In this module, the HPX backend provides an implementation of flecsi::data::copy_engine and flecsi::data::backend_storage. Although both implementations perform operations that are unique to HPX, large parts of the code are shared with the MPI backend.

flecsi::data::copy_engine

The HPX-specific code for flecsi::data::copy_engine customizes the operations that correspond to APIs exposed by HPX such as collective operations and peer-to-peer communication between processes.

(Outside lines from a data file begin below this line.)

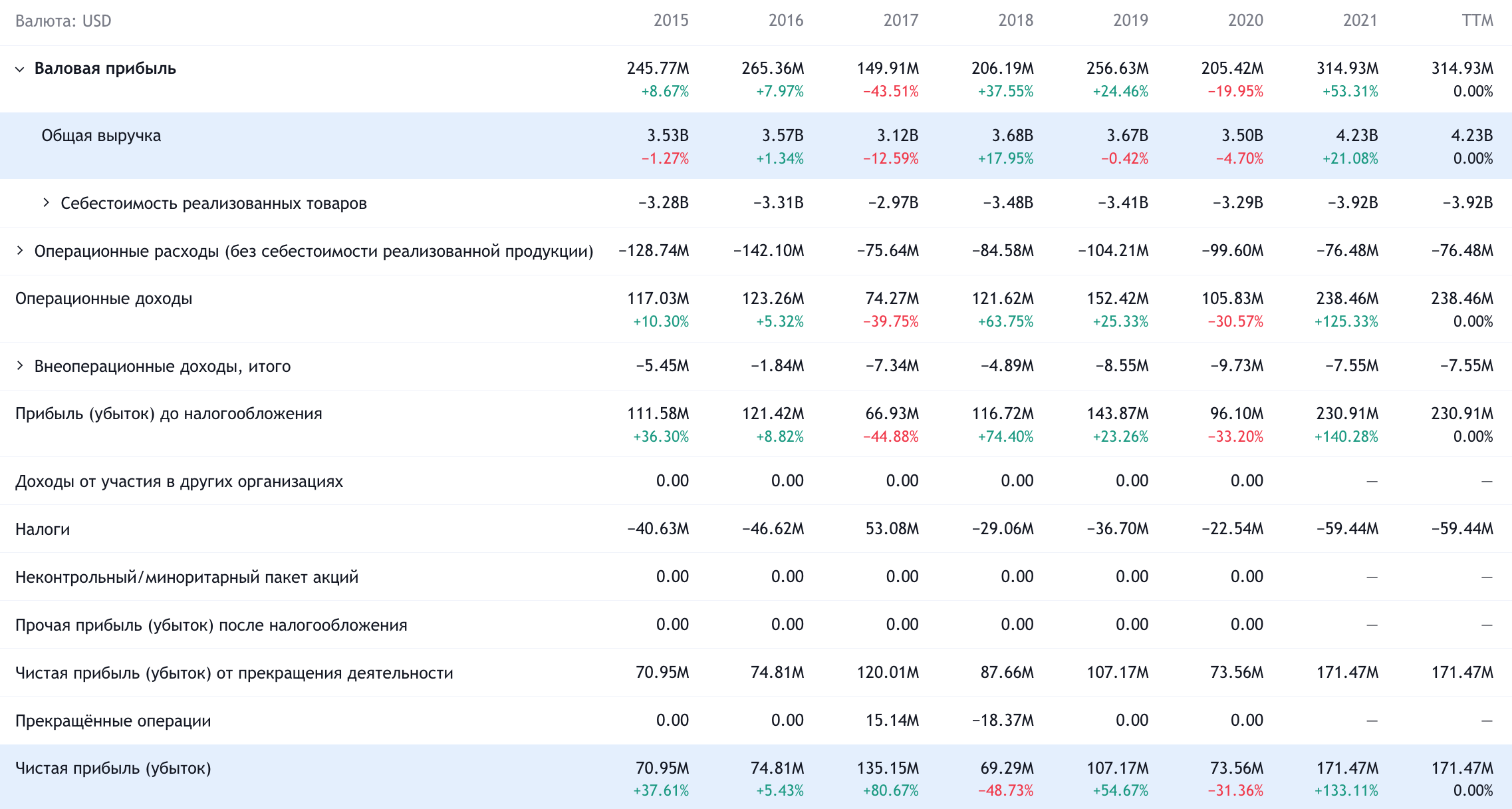 Годовые показатели компании в долларах. Источник: TradingView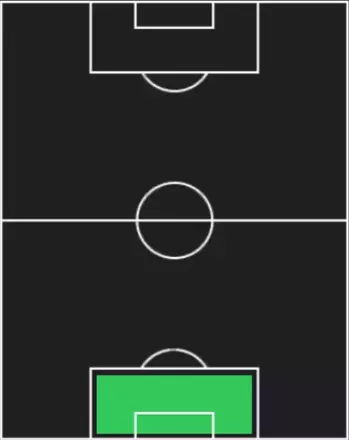 EPオリヴァー・カーン(バイエルン/00-01)の適性ポジション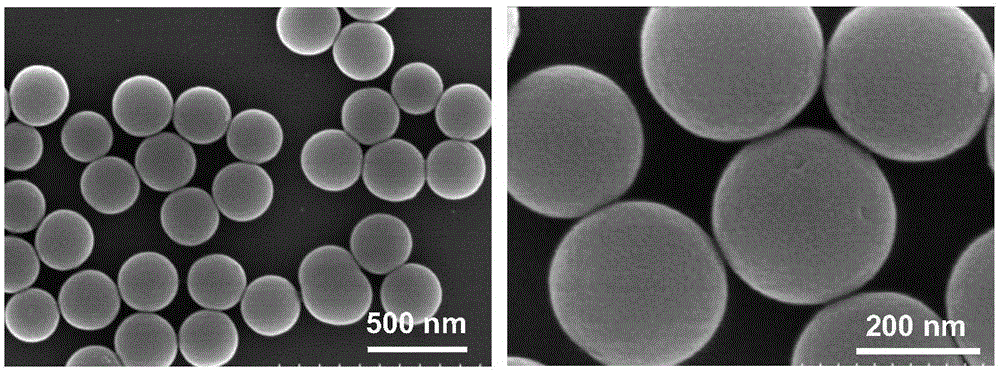 一种复合微球的制备方法与流程
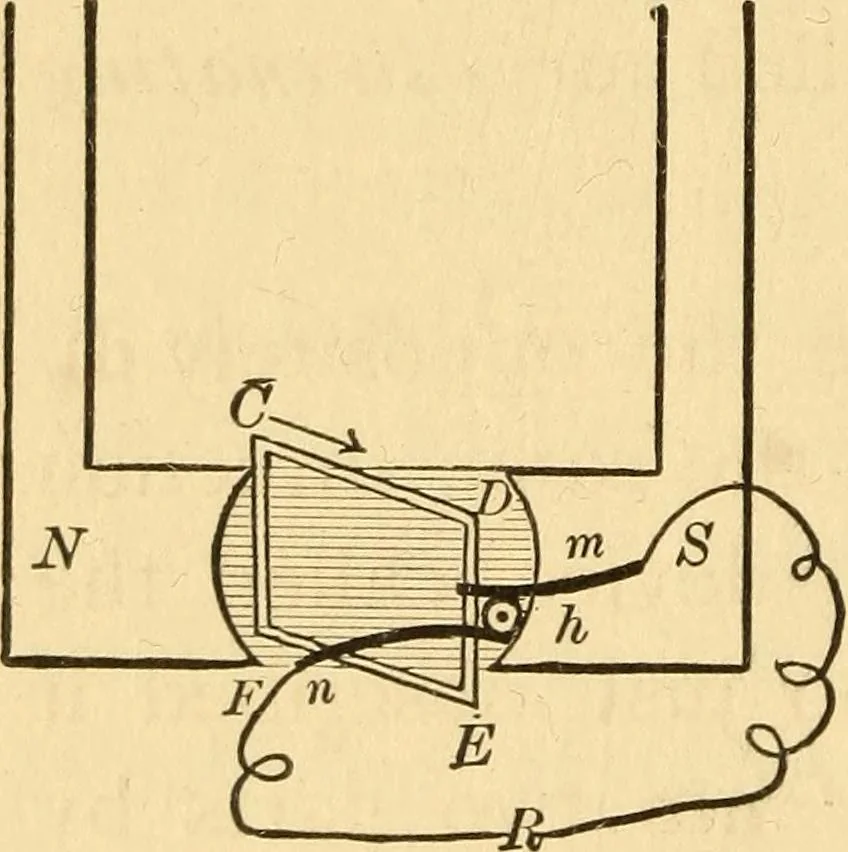 An illustration from Elements of physics, experimental and descriptive, 1902, leaf 161
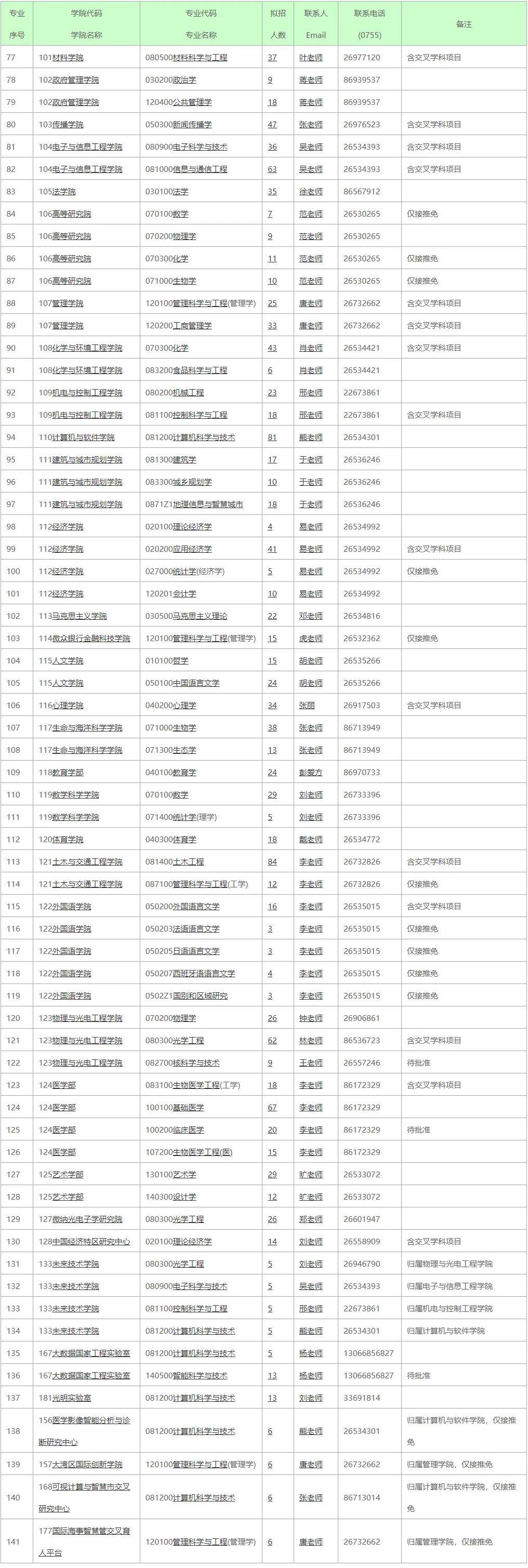 深圳大学毕业证书图片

flecsi::data::backend_storage

This type holds the HPX backend-specific data items needed to manage the execution dependencies among FleCSI tasks (described in Managing Task Dependencies below). The relevant data types are as follows. flecsi::data::backend_storage, which is instantiated for each FleCSI field, comprises a single hold for the most recent write to the field and a vector of holds for the reads since. A hold, which may be empty, comprises a pointer into the HPX communicator graph and a fate. A fate is a future that can be shared by multiple holds. (It wraps a hpx::shared_future<void>.)

Managing Task Dependencies

The HPX backend establishes explicit dependencies among HPX tasks to impose a partial ordering of FleCSI tasks based on launch order and the access rights specified for the relevant field accessors. However, the backend additionally adds internal HPX tasks to the task-dependency graph. These internal HPX tasks manage operations related to copy engines and field reductions.

A dependency is represented by an HPX hpx::shared_future<void> that is associated with the corresponding FleCSI field data. Each task stores for each field a pointer to a single empty future to be used by subsequent dependent tasks. When the HPX task is launched, it replaces the empty future with a concrete future from hpx::dataflow.

Each read of a field depends on completing only the most recent write of that field. (This is why a single write hold suffices.) Each write of a field depends on completing all of the most recent reads of that field. (This is why a vector of read hold is required.) In the case of write-after-write (i.e., wo or rw accesses with no intervening ro accesses), the write of the field depends only on the most recent write to that field. Thus, the HPX backend maintains the frontier of the task graph, which suffices for dynamically adding new dependencies.